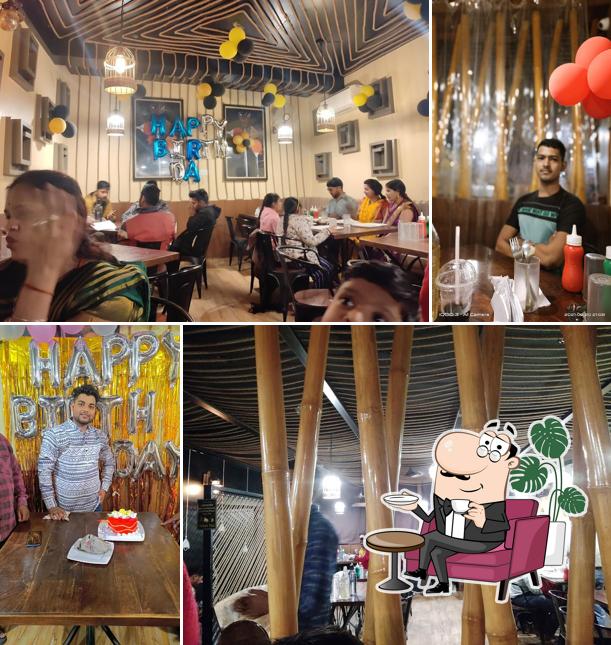 Take a seat at one of the tables at Krishna Bakers & Ice Cream Parlour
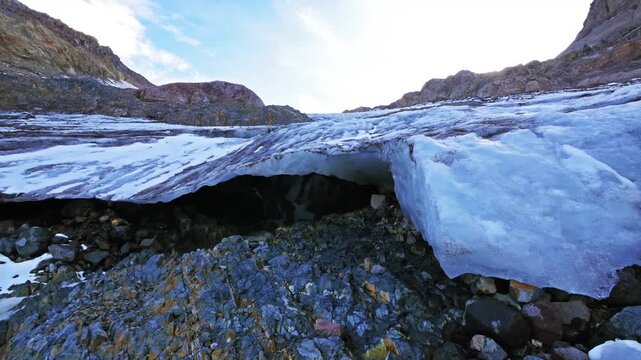 A dynamic low-angle shot showing a receding glacier, with a visible ice cave opening and a mix of blue ice and rugged moraine rocks in the foreground. The scene highlights the effects of climate chang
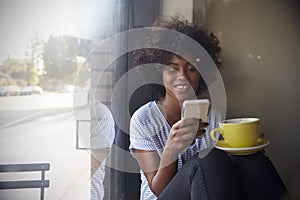 Young black woman using smartphone beside a window in a cafe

***

### WORK TASK
Type the lines above out again exactly as they appear, skipping every picture.

### COMPLETED EXERCISE
 Take a seat at one of the tables at Krishna Bakers & Ice Cream Parlour
 A dynamic low-angle shot showing a receding glacier, with a visible ice cave opening and a mix of blue ice and rugged moraine rocks in the foreground. The scene highlights the effects of climate chang
 Young black woman using smartphone beside a window in a cafe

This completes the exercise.